一番問題なのは、こうもシリーズキャラクターの持ち回り的な展開ばかりだと、誰かが死んでもどうせまた復活するんでしょ、ということでドキドキしなくなる副作用である。

この映画だって、どうせあの程度はこのシリーズでは擦り傷程度のダメージ扱いである。続編で出てくるだろうとみんな思っているからなんのショックもない。

映像面では、見た目の怖さは相変わらずで、ハビエル・バルデム演じるサラザールのアクの強さ、巨大サメにおそわれるシーン、呪いの兵士たちなどビジュアル的にはじつにおどろおどろしい。

このあたりはPG12マニアのジェリー・ブラッカイマーらしいところだが、精神的なダメージを受けるような残酷なものは絶妙に避けているあたりはさすがのうまさ。怖いもの見たさにあふれる少年少女への配慮がうかがえる。

パイレーツ・オブ・カリビアンは海賊映画は当たらないジンクスを打ち破り、史上最大のヒットシリーズとなったわけだが、ぼちぼち北米での興収は落ちてきている。それでもアジアを始め全世界では人気が継続しているので、まだまだ作られる。

今回とて、予算を220億円もぶっこめるのだから中国市場おそるべしなのだが、それでもリスクヘッジとして製作費は抑制傾向にあると聞く。海賊船もフルセットはやめてCGメインにしたし、上映時間が縮まったこともあって、なんとなくスケールダウンした印象である。
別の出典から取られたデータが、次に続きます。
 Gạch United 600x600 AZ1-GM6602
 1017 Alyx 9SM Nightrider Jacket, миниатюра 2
シリーズファンにとって最大の問題は、ハンス・ジマーから弟子筋のジェフ・ザネリに音楽が変更され、あの勇壮なオリジナルテーマがどうにも受け入れがたいアレンジ版になっていることだ。これにより、映画の魅力は大きくスポイルされたと感じる人は少なくないだろう。
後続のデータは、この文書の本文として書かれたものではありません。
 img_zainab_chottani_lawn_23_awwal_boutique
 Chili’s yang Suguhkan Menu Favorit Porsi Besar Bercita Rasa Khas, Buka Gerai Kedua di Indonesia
それを補完するはずのオーランドとキーラが本格的に活躍するのはどうみても次回作となるので、その意味で本作は壮大な予告編と揶揄されても仕方がない。

そんなわけでこのシリーズは間違いなく次が最大の正念場となる。ここで踏ん張れないと、いよいよシリーズは終息していく方向となるのだろう。本作の出来を見るに、相当なてこ入れが必要なのは間違いない。要注目である。